# TASK DESCRIPTION:
Output the entries word for word. Omit images.

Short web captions
=== Section Start ===

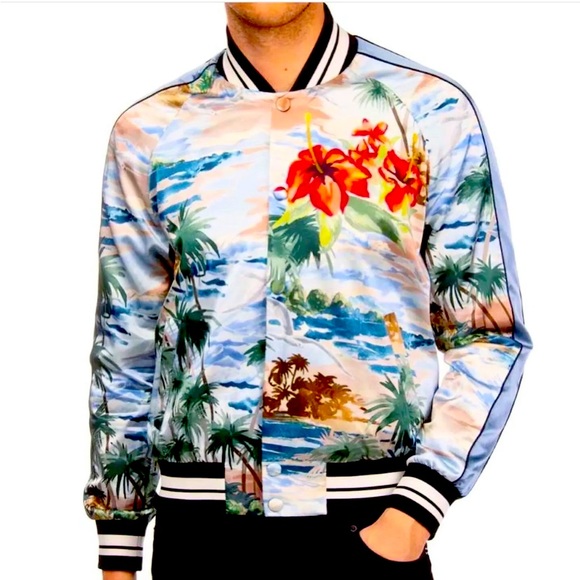 Valentino Other - VALENTINO HAWAIIAN COUTURE Satin Bomber Jacket. (Italian 50)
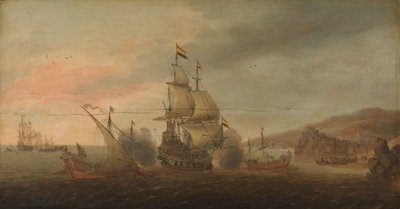 Seeschlacht zwischen niederländischen Kriegsschiffen und spanischen Galeeren von Cornelis Bol
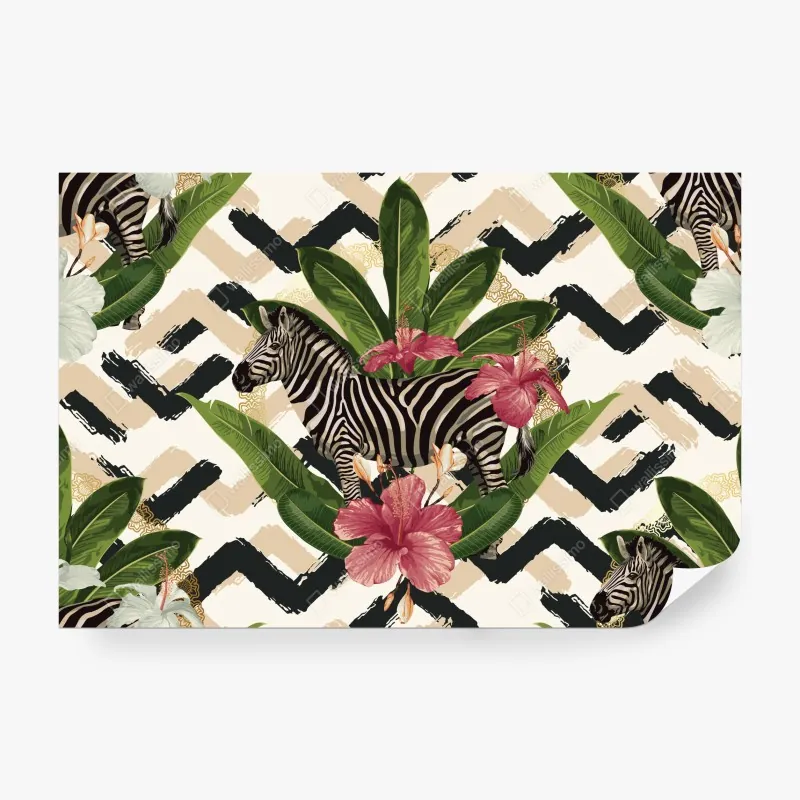 Fototapeta vintage tropikalny wzór z zebrą i hibiskusem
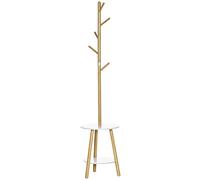 HOMCOM Appendiabiti da Terra per Ingresso in MDF e Alluminio con 5 Ganci in Bambù e Tavolino Rotondo da Caffè, 39.5x39.5x171 cm, color Legno e Bianco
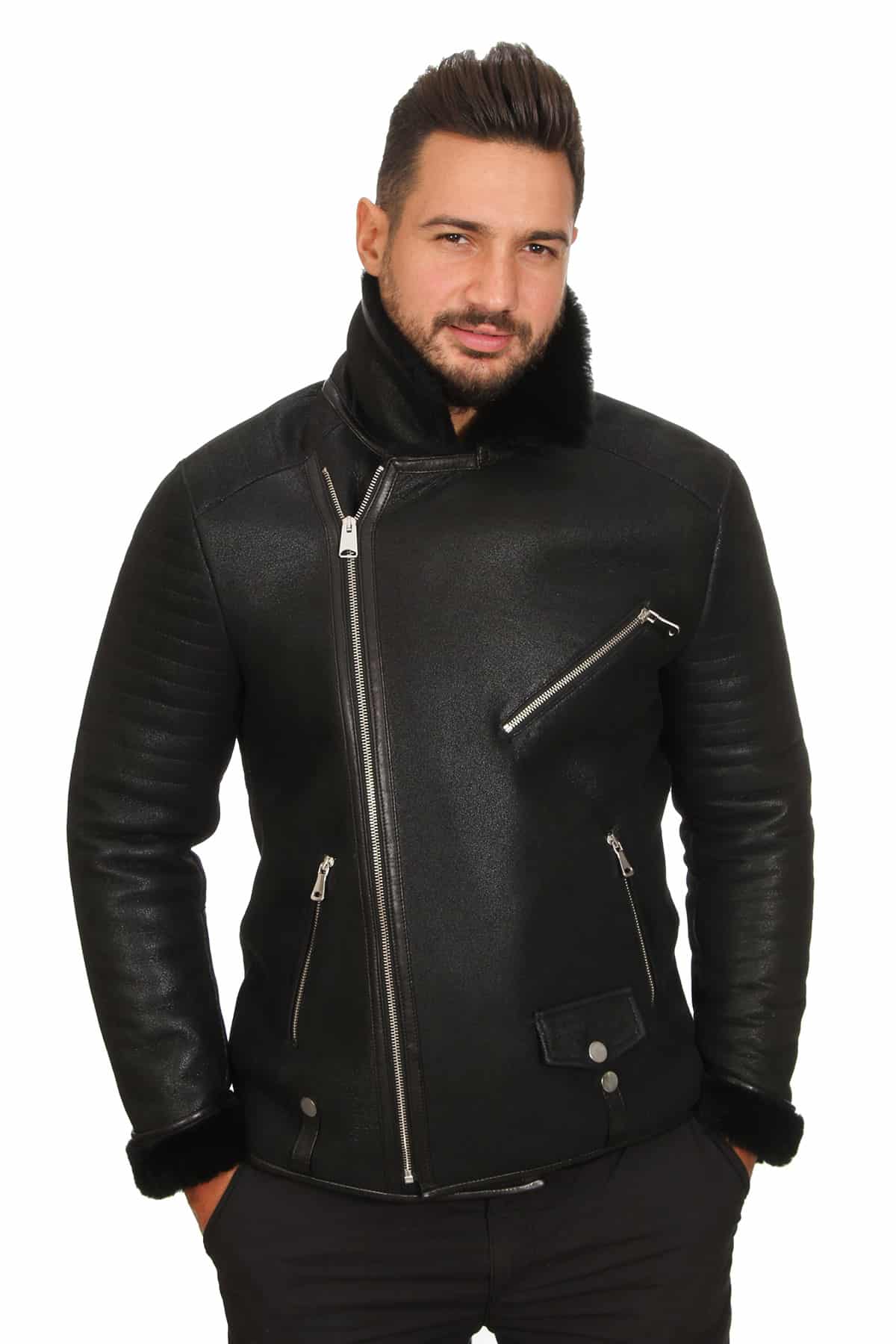 Anthony Men's 100 % Real Black Leather Biker Style Jacket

=== Section End ===

# WRITTEN SOLUTION:
 Valentino Other - VALENTINO HAWAIIAN COUTURE Satin Bomber Jacket. (Italian 50)
 Seeschlacht zwischen niederländischen Kriegsschiffen und spanischen Galeeren von Cornelis Bol
 Fototapeta vintage tropikalny wzór z zebrą i hibiskusem
 HOMCOM Appendiabiti da Terra per Ingresso in MDF e Alluminio con 5 Ganci in Bambù e Tavolino Rotondo da Caffè, 39.5x39.5x171 cm, color Legno e Bianco
 Anthony Men's 100 % Real Black Leather Biker Style Jacket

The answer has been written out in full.